Loiret : deux ouvriers condamnés à rendre leur part d'un trésor découvert lors de travaux

Loiret : deux ouvriers condamnés à rendre leur part d'un trésor découvert lors de travaux
Des lingots d'or à Washington, aux États-Unis, le 27 août 2018.

Orange avec AFP-Services, publié le jeudi 04 juillet 2019 à 11h23

La justice estime que "l'inventeur" du trésor est l'ouvrier qui tenait à la pelle. Ses deux collègues n'ont ainsi droit à rien.

Ils avaient touché 139.000 euros chacun, leur part de la vente de lingots d'or découverts lors de travaux dans une maison de Vouzon, dans le Loir-et-Cher.

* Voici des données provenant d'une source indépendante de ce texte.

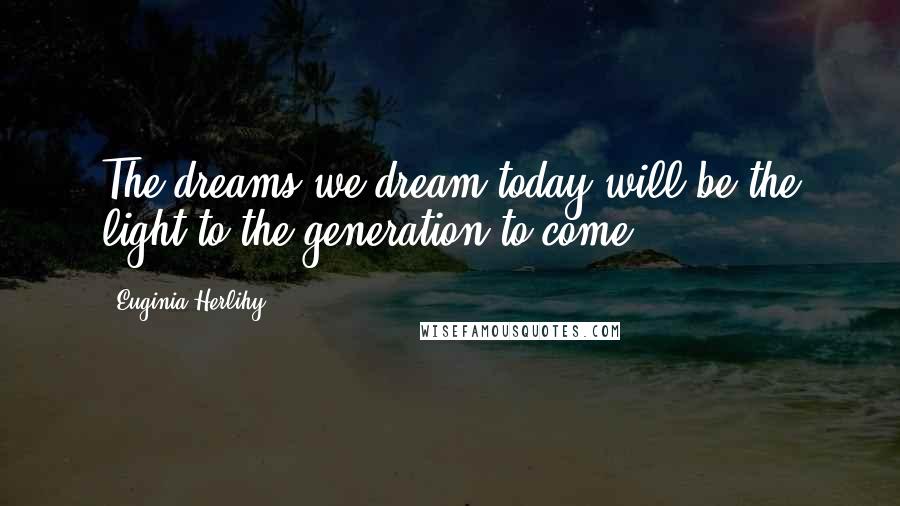 Euginia Herlihy Quotes: The dreams we dream today will be the light to the generation to come.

Mais la cour d'appel d'Orléans a estimé que seul l'un des ouvriers avaient des droits sur le trésor, invitant les deux autres à lui rendre leur part. Le propriétaire de la maison, qui avait gardé la moitié du magot, n'est pas concerné par cette décision.



En juillet 2015, cassant une dalle de béton dans la cave d'une propriété, trois ouvriers avaient trouvé une première boîte de plastique dans laquelle ils avaient découvert dix lingots d'or. Ensuite, ils avaient trouvé deux autres boîtes. Après s'être entendus sur le partage avec le propriétaire, 34 lingots au total avaient été vendus un million d'euros. Le propriétaire en gardant la moitié, chaque ouvrier avait reçu 139.000 euros.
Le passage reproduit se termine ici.